Dataset excerpts
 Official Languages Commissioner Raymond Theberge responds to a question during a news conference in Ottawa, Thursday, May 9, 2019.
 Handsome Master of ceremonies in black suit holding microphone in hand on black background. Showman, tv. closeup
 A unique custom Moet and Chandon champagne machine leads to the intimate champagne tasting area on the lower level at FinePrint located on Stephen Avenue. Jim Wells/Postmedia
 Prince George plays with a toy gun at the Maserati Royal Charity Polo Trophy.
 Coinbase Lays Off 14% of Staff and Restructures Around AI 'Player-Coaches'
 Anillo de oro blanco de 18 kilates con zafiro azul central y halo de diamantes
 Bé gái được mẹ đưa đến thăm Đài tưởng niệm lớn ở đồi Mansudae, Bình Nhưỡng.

* * *

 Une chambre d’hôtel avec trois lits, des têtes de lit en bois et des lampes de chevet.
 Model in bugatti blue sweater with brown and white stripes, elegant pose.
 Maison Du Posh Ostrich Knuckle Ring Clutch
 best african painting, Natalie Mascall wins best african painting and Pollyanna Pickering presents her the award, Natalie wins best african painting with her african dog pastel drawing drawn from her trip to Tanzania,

---

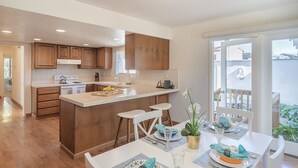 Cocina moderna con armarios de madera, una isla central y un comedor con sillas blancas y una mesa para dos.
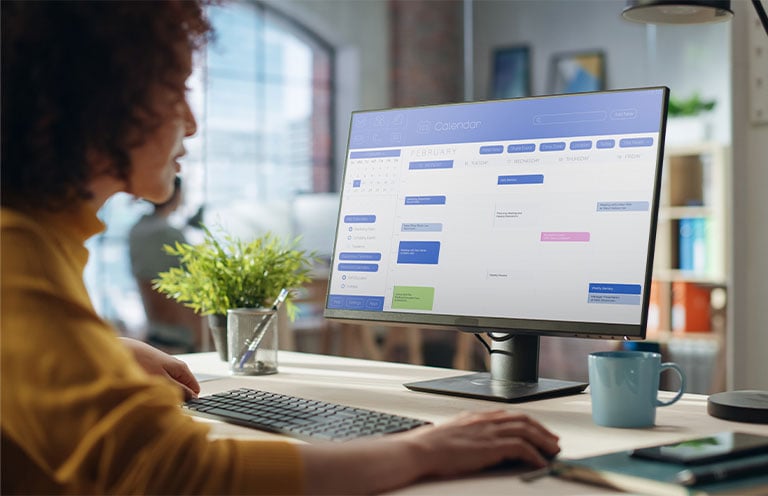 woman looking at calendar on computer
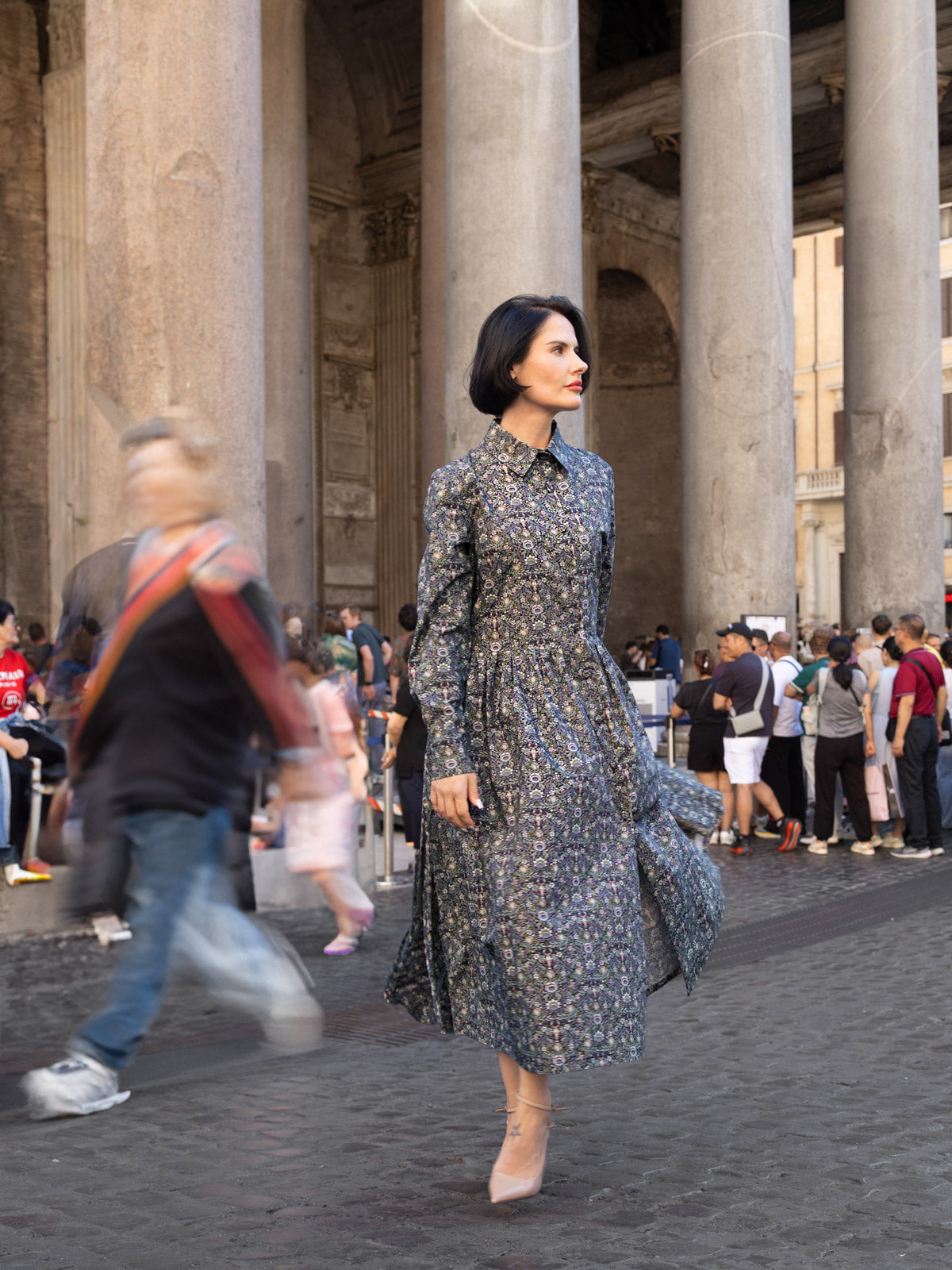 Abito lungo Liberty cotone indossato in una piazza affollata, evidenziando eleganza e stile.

Required action
The reply should hold only the lines of the listing above starting at the line containing "Une chambre d’hôtel" and ending at the line containing "best african painting, Natalie", exactly as written.

Task output
 Une chambre d’hôtel avec trois lits, des têtes de lit en bois et des lampes de chevet.
 Model in bugatti blue sweater with brown and white stripes, elegant pose.
 Maison Du Posh Ostrich Knuckle Ring Clutch
 best african painting, Natalie Mascall wins best african painting and Pollyanna Pickering presents her the award, Natalie wins best african painting with her african dog pastel drawing drawn from her trip to Tanzania,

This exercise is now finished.